Толстовская поэтика основывается, в сущности, на одном единственном тезисе: «Говорить истину» (вспомним здесь лишь финал «Севастополя в мае»: «Герой же моей повести, которого я люблю всеми силами души, которого старался воспроизвести во всей красоте его и который всегда был, есть и будет прекрасен, — правда» (Толстой 1978-1985, т. II, с. 144 (далее указываем лишь номер тома данного издания римской цифрой и страницу - цифрой арабской); число цитат легко можно умножить). Только такая установка способна, по Толстому, оправдать существование искусства; если же — по тем или иным причинам — происходит уход от этого нравственного императива, искусство перестаёт быть искусством и превращается в развращающий, вредоносный продукт культуры (отметим, что эстетика Толстого очевидным образом сближает категории истины и прекрасного). Таким образом, любой настоящий творец, создавая произведение искусства, находится в одном из двух положений. Во-первых, он может знать истину и открывать её (это идеальная ситуация).

Во-вторых, он может думать, что раскрывает истину, и ошибаться. Последняя ситуация, например, анализируется Толстым в его работах, посвящённых «Душечке» Чехова и творчеству Мопассана; здесь заблуждающиеся Чехов и Мопассан находятся в положении писателей, которые хотят убедить читателя в одном, но убеждают — за счёт своего таланта — совершенно в ином: «Но Мопассан был талант, то есть видел вещи в их сущности, и потому невольно открывал истину...» (XV, 240). Итак, художника, как поводырь слепого, ведёт его талант: «Художник только потому и художник, что он видит предметы не так, как он хочет их видеть, а так, как они есть. (…) ...он невольно сделает не то, что хочет, а то, что должно» (XV, 242).

Таким образом, настоящий художник, как каторжник к ядру, «прикован» к истине: он открывает её в своём произведении в любом случае — и если он её знает и хочет рассказать о ней, и если он находится в её поисках.
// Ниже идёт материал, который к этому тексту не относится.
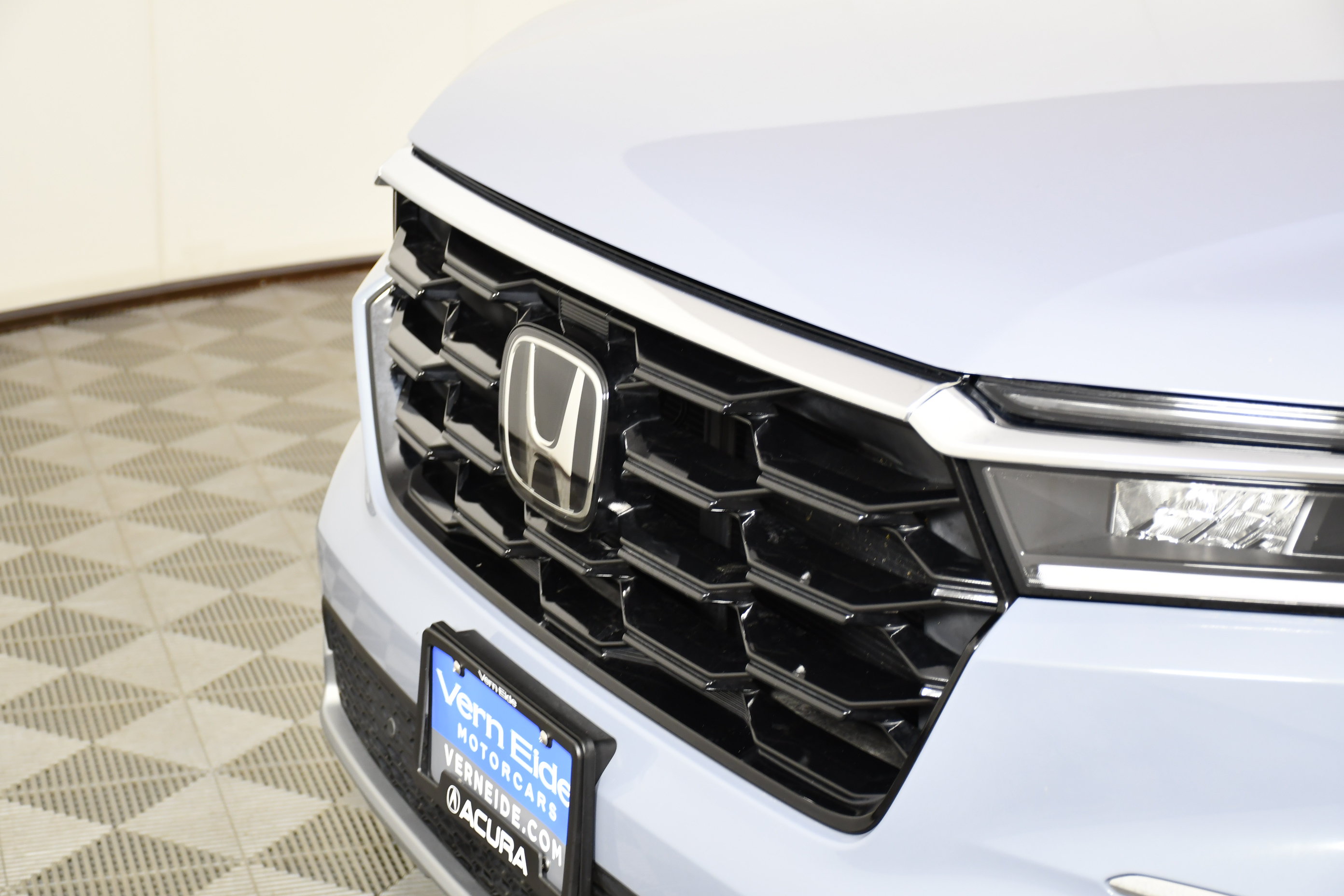 Used 2025 Honda Pilot Touring image 11
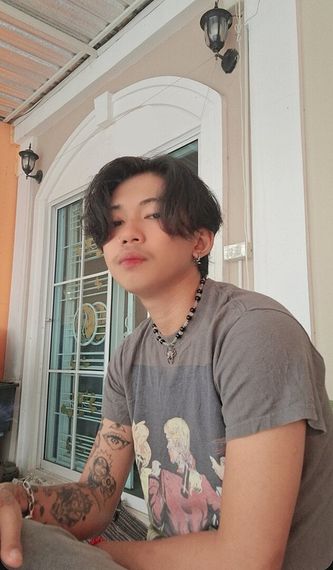 แชท หากิ๊ก, โสด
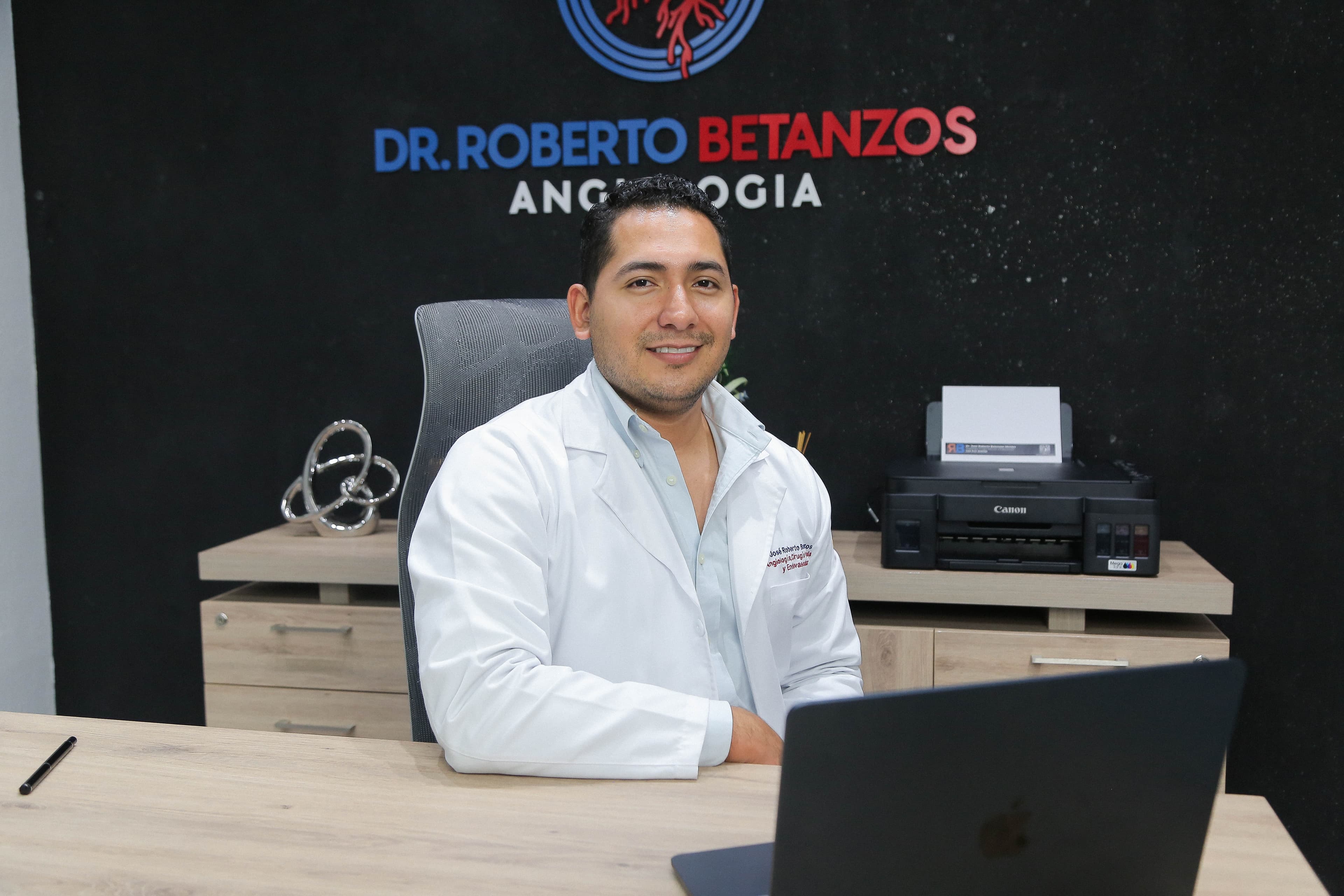 Trayectoria del Dr. José Roberto Betanzos Montes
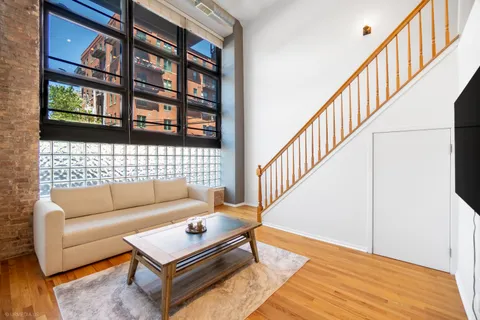 $350,000 | 1601 South Michigan Avenue, Unit 107, Chicago, IL 60616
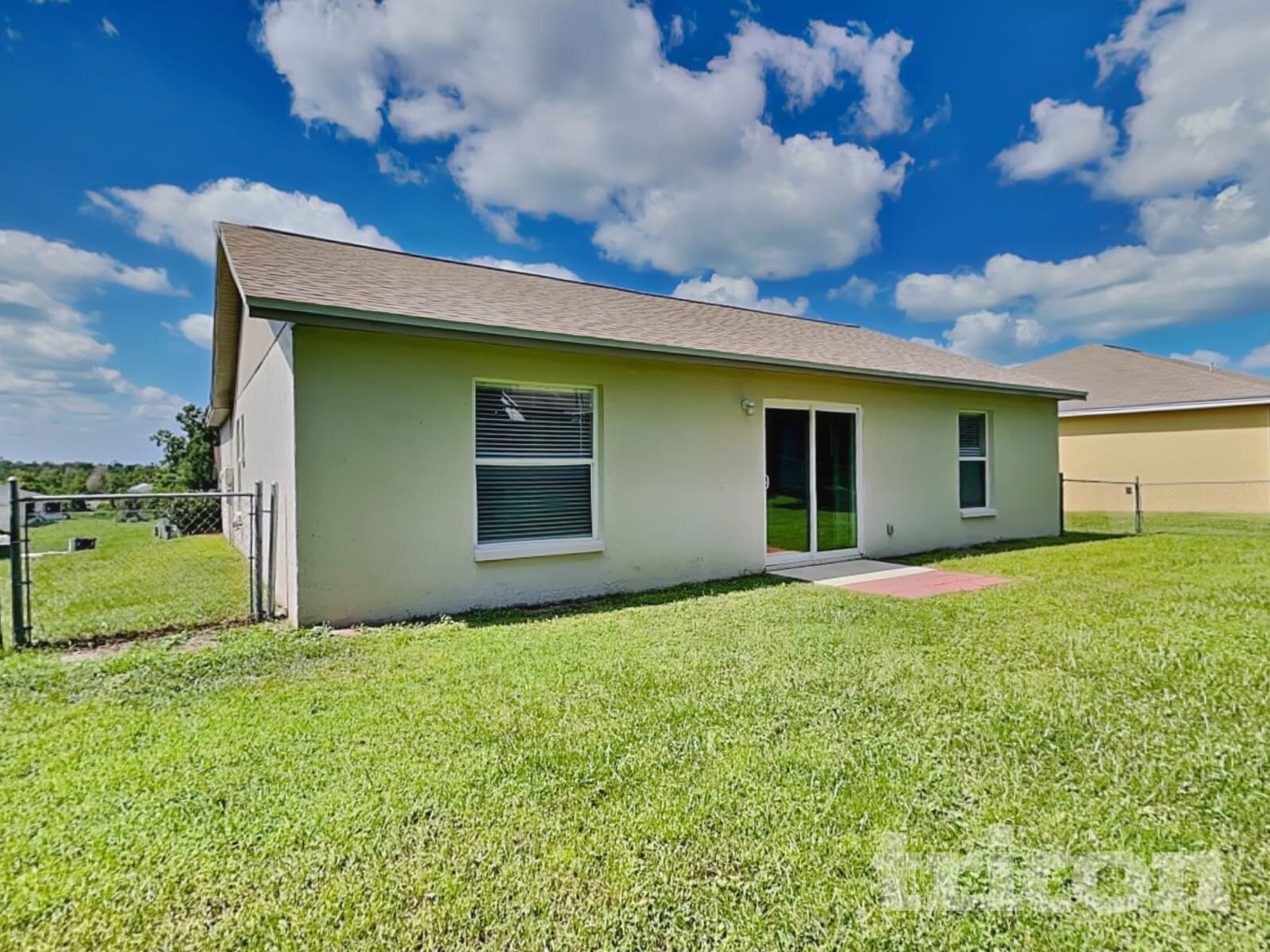 Building Photo - 7833 Manor Dr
Именно такая концепция «самопроявляющейся истины», с одной стороны, и критического отношения к самому себе, с другой, позволяет Толстому всё время находиться в состоянии постоянного поиска: незадолго до смерти одному из своих собеседников он скажет: «Вас гордыня дьявольская обуяла, что вы знаете истину. Мне вот восемьдесят лет, и я до сих пор только ищу истину...» (Гусев 1973, с. 77). Получается, что автор, изображая и анализируя некий феномен, отстраняется от него — и высказывает «истину»; в произведении, таким образом, есть «истина» автора — и «Истина» объекта; читатель же выбирает между этими двумя истинами.

Итак, произведение искусства, по Толстому, есть своего рода лаборатория по поиску истины. Сравнение это покажется ещё более точным, если вспомнить принципиальную двусоставность любых лабораторных исследований: данные, полученные путём эксперимента, которые возможно подвергнуть верификации (та самая «Истина» объекта) — и интерпретация этих данных экспериментатором («истина» автора). Какие же объекты анализирует и какие приёмы использует Толстой для этого поиска?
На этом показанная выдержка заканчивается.